Occupy Chicago member rekindles Northwestern movement via teach-in

Lauren Caruba

The Occupy movement was revived at Northwestern on Wednesday evening with a teach-in by a member of Occupy Chicago about the upcoming NATO and G-8 summits.

Eric Ruder, a writer for the newspaper Socialist Worker for more than 10 years, led Occupy Northwestern’s “A Short and Irreverent History of NATO and the G-8” from 7 to 9 p.m. in Fisk Hall. The meeting drew about 25 people from the NU and Evanston community.

Occupy NU held the teach-in to educate people about the international organizations NATO and G-8, which both plan to hold conferences in Chicago this May.

NATO is a 28-country military alliance formed in 1949 to improve global defense and security. G-8, formally known as the Group of Eight, was founded in 1975 to provide a forum for the governments of the world’s major economies.

“These are two institutions, given their global reach, that really do touch on everything,” Ruder said.

During the first portion of the meeting, Ruder elaborated on the histories of NATO and the G-8 through the lens of the Occupy movement. Ruder emphasized how both contributed to the current plight of the global economy as well as to social and political uprisings worldwide. After his speech, Ruder opened the room up to questions and discussions among the attendees.

Ruder said the history and issues regarding NATO and the G-8 are relevant to NU students, as he said the University itself is “an institution of the global 1 percent.” However, he added many students may still identify with Occupy ideologies.

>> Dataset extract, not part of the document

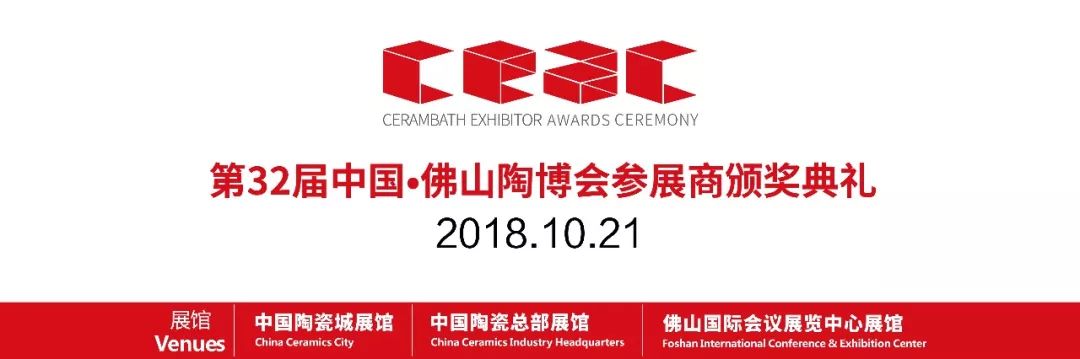 32���ղ���(hu��)�@��(ji��ng)Ʒ�����r���t���Ƿ�����ҵ���Ӱ����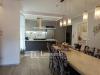 Villa in vendita con giardino a Camaiore in corte rodeschi - 10, Foto 10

“These issues speak to students everywhere and they speak to people everywhere,” Ruder said.

NU French Prof. Scott Hiley introduced Ruder to the group. In his opening comments, Hiley highlighted social and political turmoil across the United States and in countries such as Greece, Israel and Argentina as being indicative of the world’s desire for “radical change.” The Occupy movement represents a call for a public and democratic political culture, he said.

Hiley participated in the Occupy Chicago movement during October and November, attending both attempts to “occupy” Grant Park. He said college campuses such as NU are ideal for finding solutions to the nation’s social and economic problems.

“We have the leisure and the resources and the training and the imperative to devote ourselves to critical thought,” Hiley said. “Everybody should be involved in discussion, debate and addressing the pressing issues of the day in a serious manner.”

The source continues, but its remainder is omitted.